Exercise details: All lines from the one containing "Sell White 2013" through the end of the material below are to be printed exactly, both ends included, minus pictures.

*** Opening Information shown ***

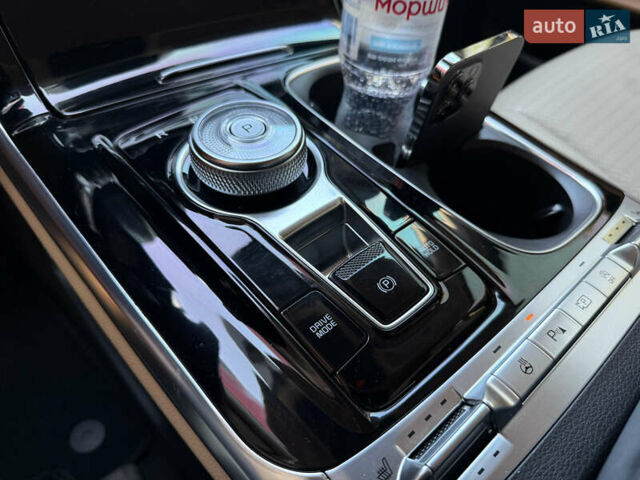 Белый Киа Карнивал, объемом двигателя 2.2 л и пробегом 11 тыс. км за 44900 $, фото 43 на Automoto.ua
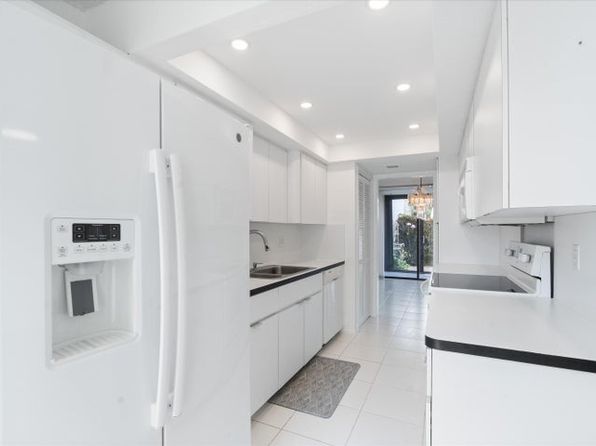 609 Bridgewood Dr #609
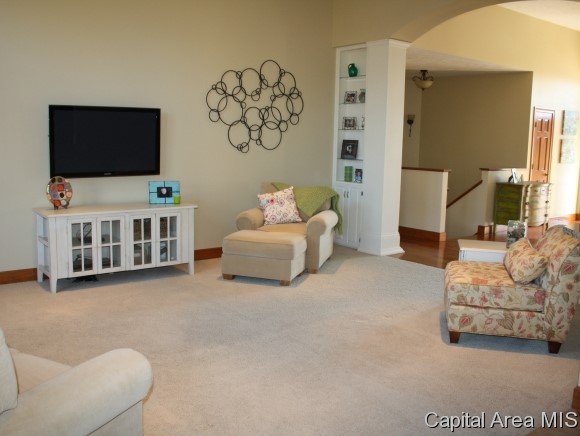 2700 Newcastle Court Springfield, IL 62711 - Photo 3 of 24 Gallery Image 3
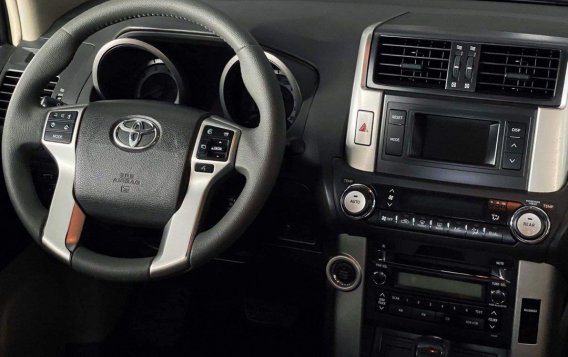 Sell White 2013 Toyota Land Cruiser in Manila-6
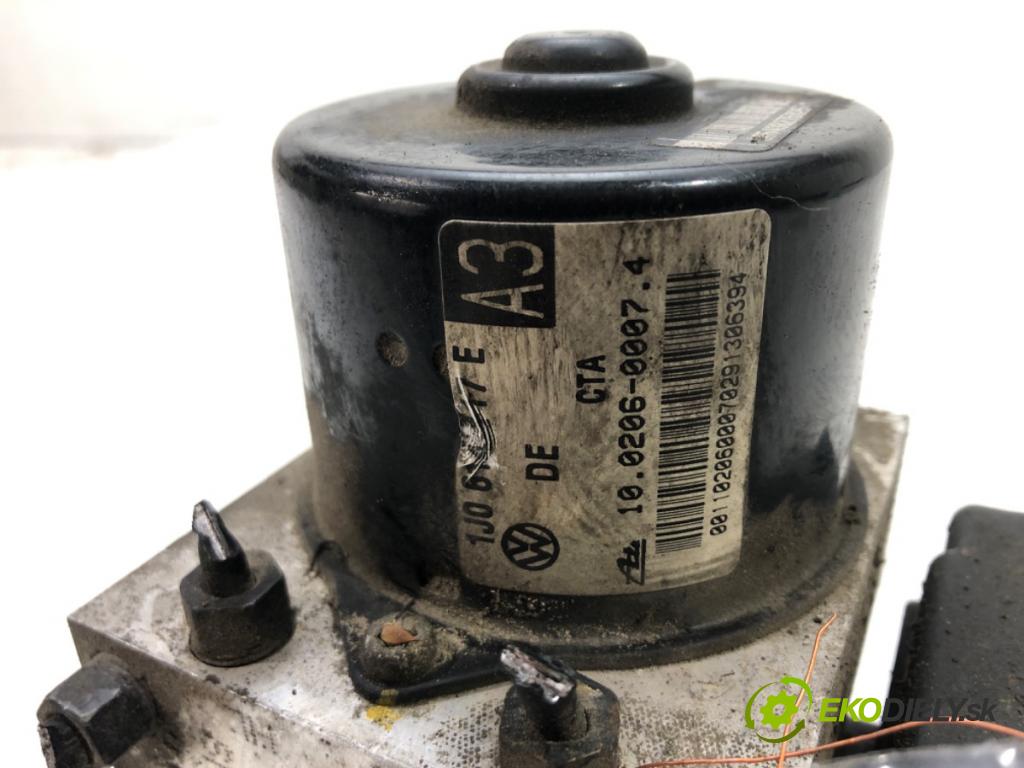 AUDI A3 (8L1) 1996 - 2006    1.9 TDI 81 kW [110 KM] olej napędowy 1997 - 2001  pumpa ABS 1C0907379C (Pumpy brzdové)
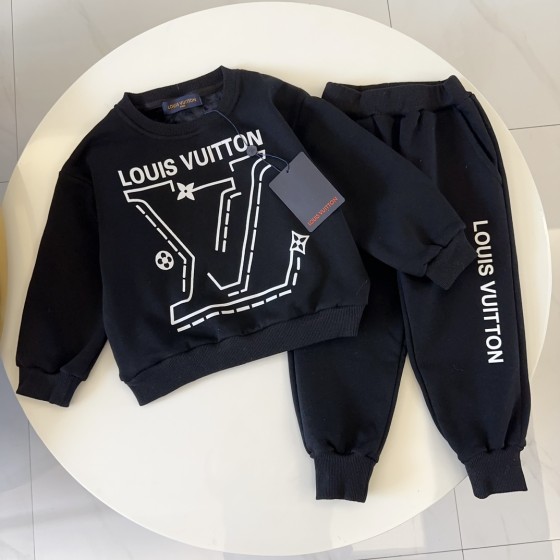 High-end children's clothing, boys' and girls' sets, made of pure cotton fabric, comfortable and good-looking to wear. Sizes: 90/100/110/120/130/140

*** Closing Information shown ***

Exercise solution:
 Sell White 2013 Toyota Land Cruiser in Manila-6
 AUDI A3 (8L1) 1996 - 2006    1.9 TDI 81 kW [110 KM] olej napędowy 1997 - 2001  pumpa ABS 1C0907379C (Pumpy brzdové)
 High-end children's clothing, boys' and girls' sets, made of pure cotton fabric, comfortable and good-looking to wear. Sizes: 90/100/110/120/130/140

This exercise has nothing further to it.